I have had several opportunities to develop approaches and executions to help charities be ready to fundraise as soon as a natural disaster occurs. It’s not an easy task but being prepared has ensured these organisations are able to give their donors and the public a quick and easy way to support.

Here are my ideas to help you be prepared to fundraise in an emergency.

Firstly, we work with internal stakeholders to confirm the key channels possible for donors to give to your organisation in response to an emergency. It’s likely your negotiation skills will be required because I push for a 24 turn around even if it’s a weekend so getting buy in is critical! When I worked with Oxfam NZ to develop their approach for Typhoon Haiyan, we managed to get the first emergency response appeal out the door in 24 hours, and we used the learnings from this to update the agreed process, so when Cyclone Pam hit four months later the process went even smoother.

Most importantly, ask yourself can the organisation manage the response handling process during an emergency situation for each of these channels? The failure of a response channel working can be more detrimental than not using the channel at all.

Next we create templates with prepared disaster imagery and copy to major audiences for these channels. Direct mail, email and a simple homepage banner or story linking to an appeal specific landing page would be my top three priorities. Direct mail, email and the website real estate works for both warm and new donors. The more content we can template and have approved in advance the quicker the turnaround during an emergency.

Social media can be rapidly developed and deployed if and when you need to, so this doesn’t need as much preparation as the other channels do but do have a process timelines for how this is developed and who is responsible.

When working through the templates my approach is to ensure we have:

  • a compelling, emergency lead proposition
  • design that allows for quick and easy updating and is efficient from a printing perspective
  • appropriate content and copy for a two-page letter (typically longer is better but in response to an emergency you will have a compelling enough story and ask to make, so keep it short and sweet), simple emergency driven lifts (with at least one specifically developed to be adapted for the emergency in question)
  • an acknowledgement strategy that credits the supporter for their donation to the emergency specifically (no generic thank you copy please!) and increases their desire for future involvement with your organisation

I love the data team here at Pareto as they make the next bit easy for my clients and me.

  1. Review your segmentation and confirm the donor segments most likely to respond to an emergency ask, ensuring an appropriate ask strategy is agreed and in place for each
  2. For donors with an email address, prioritize the output file for this group so you can get an ask out quickly
  3. The DM mailfile shouldn’t take you longer than 12 hours to produce

One of the great things about partnering up for my clients is they delegate this responsibility to us – so one of our data team could be generating email and mail files from the updated monthly data supply we hold for them at any time of the day/night.

You should be aiming to brief your printer and mailhouse within 24 hours.
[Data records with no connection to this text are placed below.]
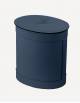 Crosby Leather Waste Paper Bin - Made in Italy - Giobagnara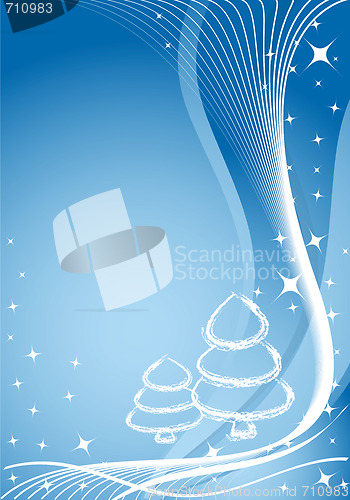 Image of Vector christmas background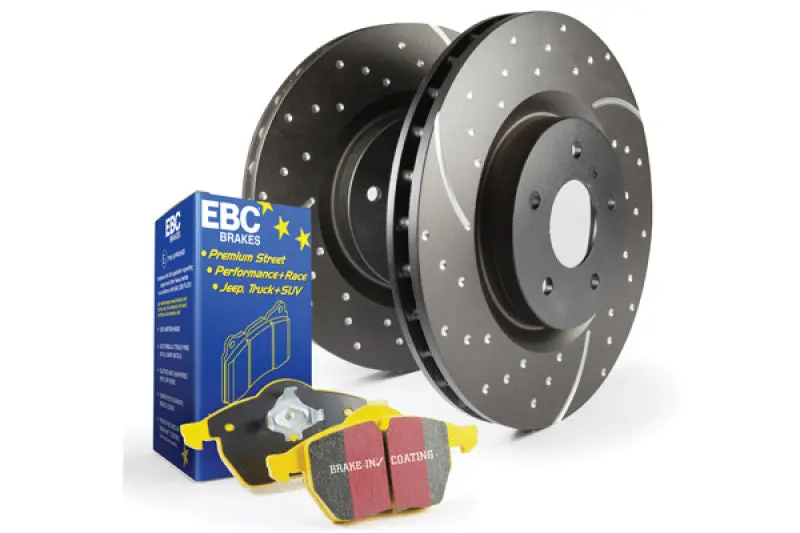 Ebc Yellowstuff High-Performance Brake Kit – S5 Series Pads + Gd Drilled & Slotted Rotors 1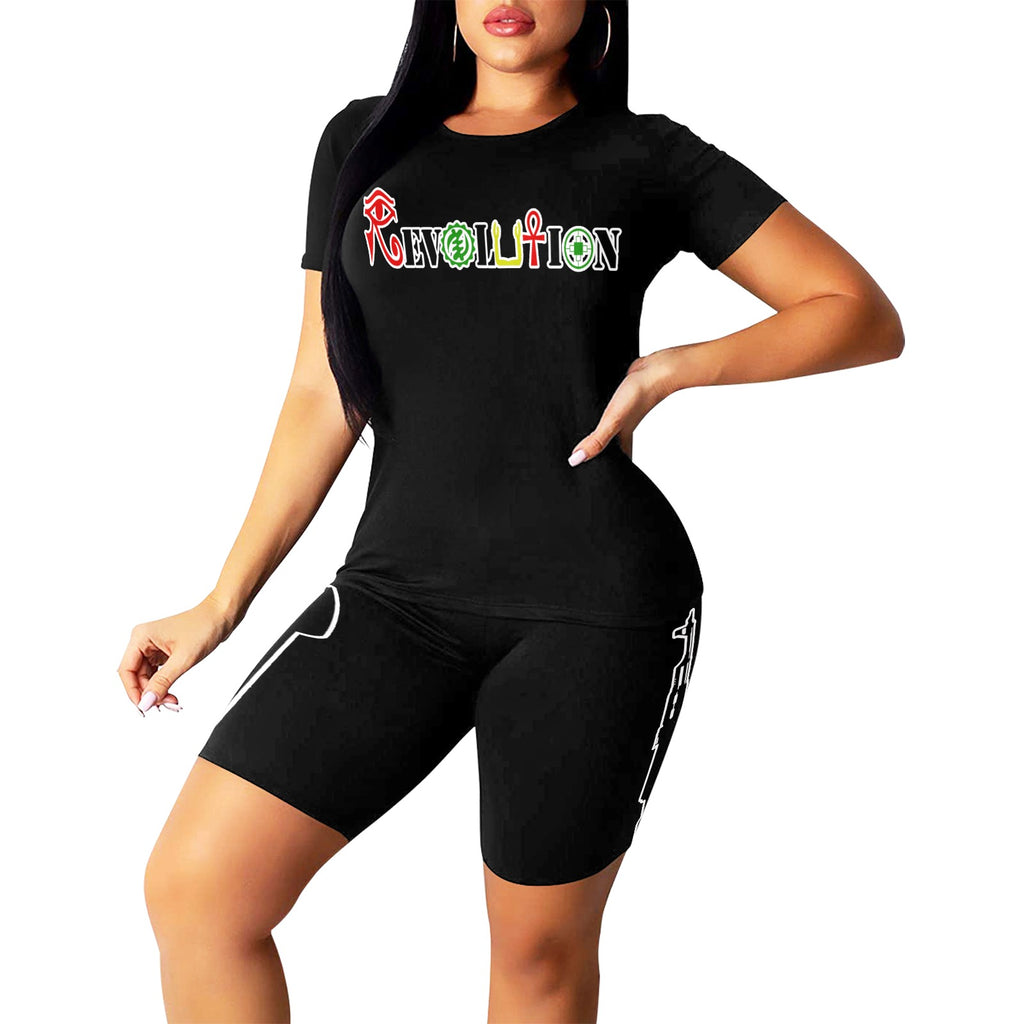 REVOLUTION Women's Short Yoga Set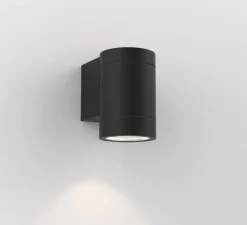 Applique murale, Darmouth single, noir texturé, IP54, L6,5cm, H9,8cm - Astro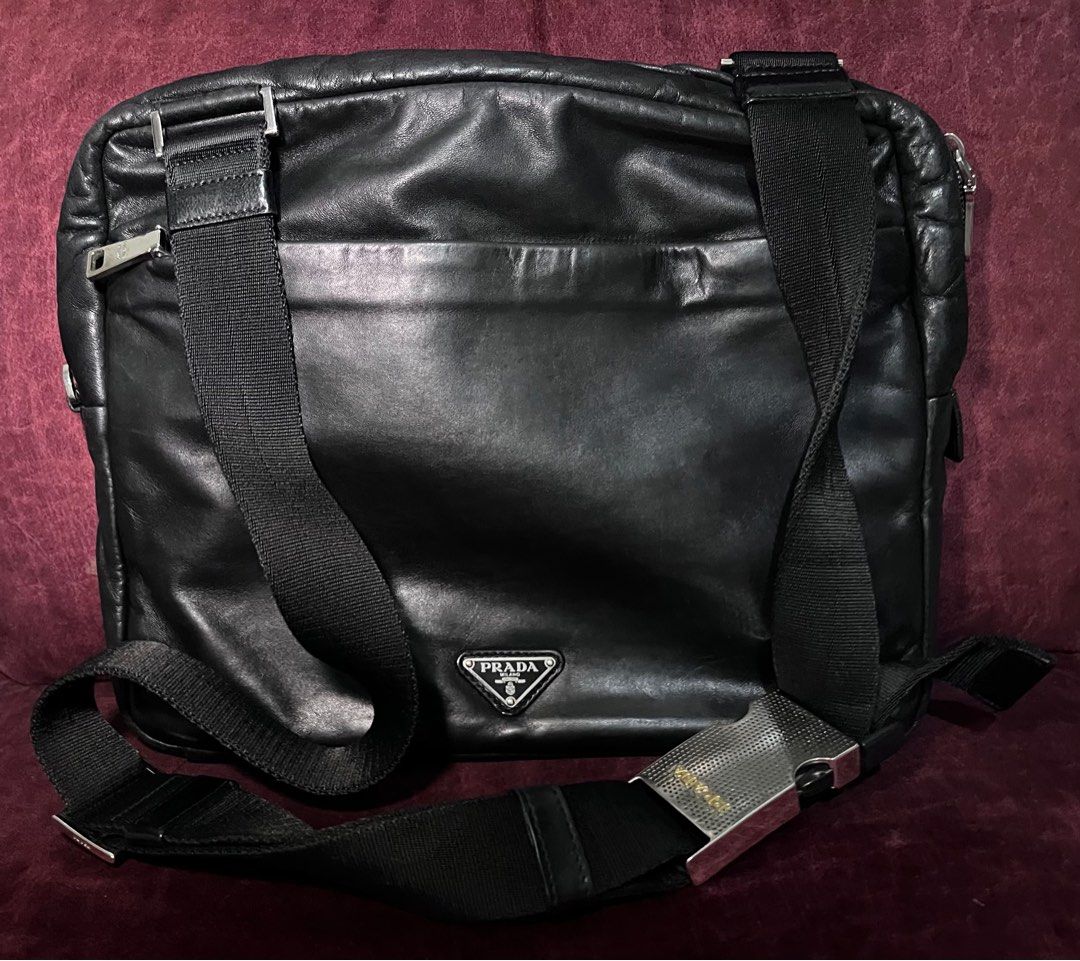 Prada Laptop Bag 100 Authentic w/ Serial Code, Men's Fashion, Bags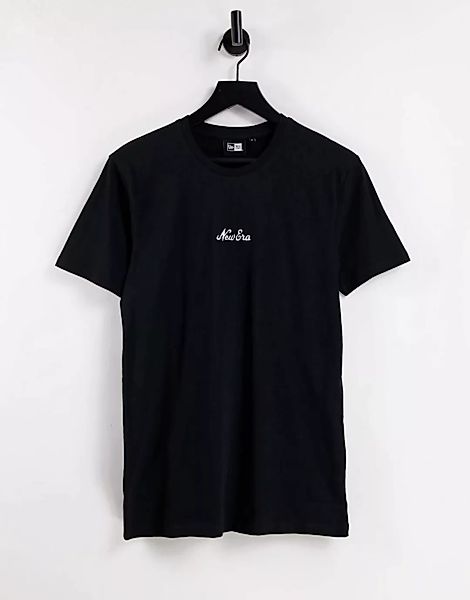 New Era – T-Shirt in Schwarz mit Schriftzug günstig online kaufen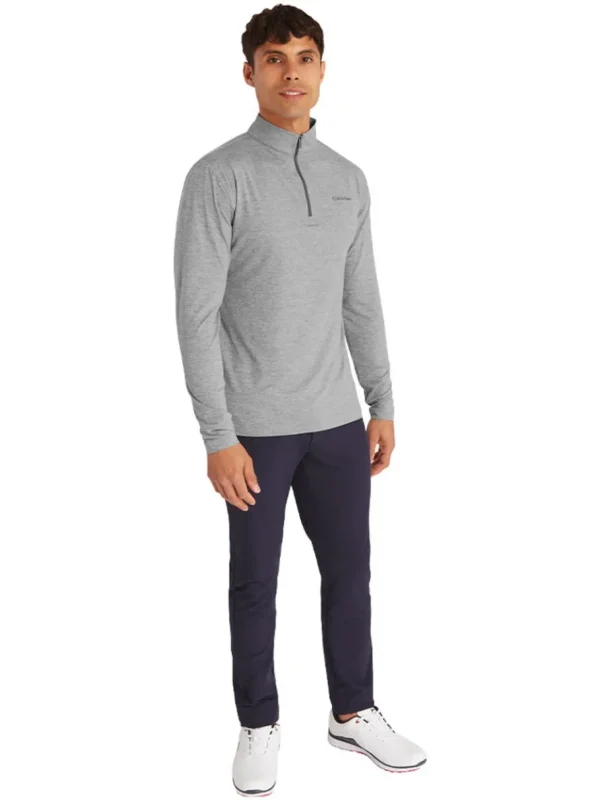 Men Calvin Klein Jumpers< Newport Half Zip - Silver Marl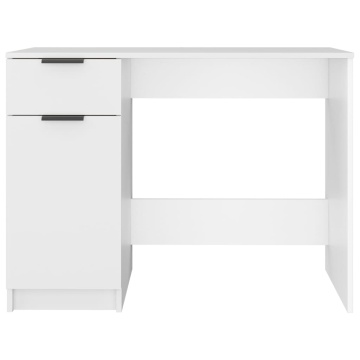 Birou, alb, 100x50x75 cm, lemn prelucrat - Img 6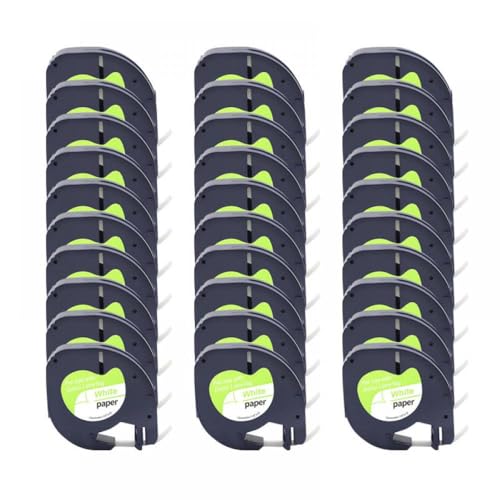 12mm 4m�������x���y�[�p�[�e�[�v���x�����[�J�[�y�[�p�[10pcs 30pcs 50pcs lt100h lt-100t�ƌ݊���(91200 Paper 30pcs)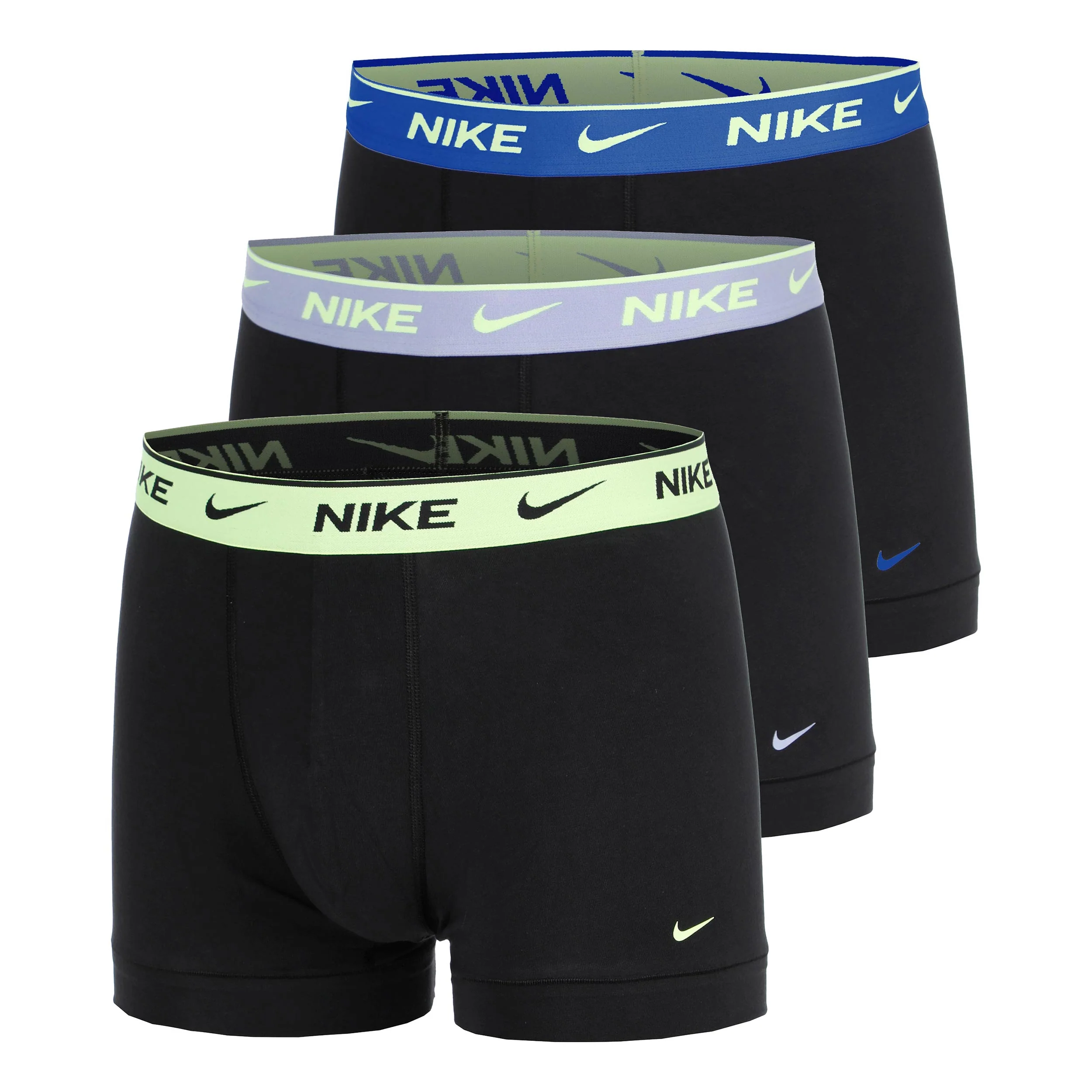 Essential Cotton Stretch Trunk Boxershorts 3-pack Herrar - svart, turkos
Engage your key suppliers early, get them enthused about the prospect of helping during an emergency by prioritising your job for quick turnaround (and of course thank them profusely once it’s all done and dusted).

Once all of the preparation has been done, responding to your next fundraising emergency will be easier. But what is more important is what comes next.

New emergency donors are decent prospects for subsequent giving if you plan your follow up. The primary problem is when they make the donation, their priority is helping the disaster victims rather than starting a relationship with any one charity.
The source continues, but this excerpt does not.